Maka benar apa yang di katakan P.A.F Lamintang, “Penjara (Prison) membatasi kebebasan bergerak dan mewajiblkan penghuninya (terpidana) menaati semua tata tertib yang berlaku di dalamnya.” Ketika masuk penjara, kemerdekaan seseorang langsung terampas, penjara adalah tempat yang mengerikan, tidur beralas lantai, tak ada sewa kasur.

Penjara adalah gambaran terburuk dari dunia, karena hidup di dunia seakan-akan telah selesai bagi orang yang menjalaninya. Sosiolog cum kriminolog bernama Greshan M.Sykes menyebut penjara adalah “Lama dan menyakitkan (long and pain full) tak hanya kemerdekaan yang terampas, tapi juga kehilangan kepemilikan barang dan jasa, hubungan sosial dan hilangnya kenyamanan serta keamanan. Ini hanya sedikit dari gambaran utuh sulitnya menjalani kehidupan di penjara.

Lantas apa yang menjadi alasan begitu banyak orang terjerat pidana dan mendekam di balik bangunan penjara yang mengintimidasi dan menjadi saksi dunia pararel di dalamnya. Di sana mereka mereka menjani hidup atas bayang-bayang tembok raksasa, di kelilingi oleh menara pengawas yang mencekam dan tampilan suram kawat berduri. Lebih jauh, mari kita bedah problem hukum yang begitu kompleks di balik tembok tinggi, jeruji besi dan pintu baja yang merupakan hasil akhir dari sebuah proses peradilan pidana di Indonesia.
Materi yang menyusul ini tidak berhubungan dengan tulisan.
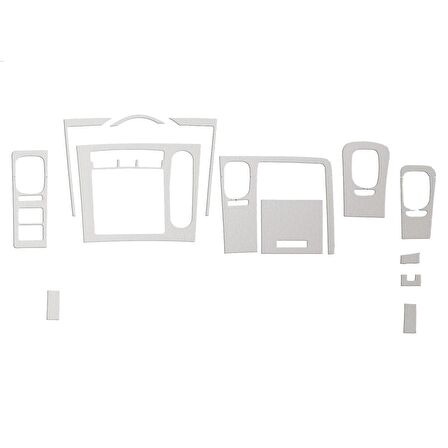 Meriç® Renault Premium Midlum Ön Torpido Kaplama 13 Parça 2005-›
Spirit Pembinaan dan Overcrowded

Secara histori, transformasi Pemasyarakatan terjadi di era tahun 60-an, tepatnya 5 Juli 1963, bahwa prisnsip penegakan hukum pidana yang berorientasi mengayomi masyarakat bukan hanya masyarakat umum yang di ayomi dari tindak kejahatan, namun masyarakat yang tersesat secara hukum juga diayomi dengan memberikan bekal hidup, membimbing agar bertobat, dan mendidik supaya menjadi anggota masyarakat yang berguna. Singkatnya tujuan pidana penjara adalah pembinaan Pemasyarakatan. Ini adalah spirit baru yang di gaungkan oleh bangsa sebesar Indonesia, sekaligus men-declare bahwa tujuan pemidanaan berupa pembalasan dalam sistem penjara warisan kolonial tidak sejalan Pancasila yang menjunjung tinggi nilai kemanusiaan.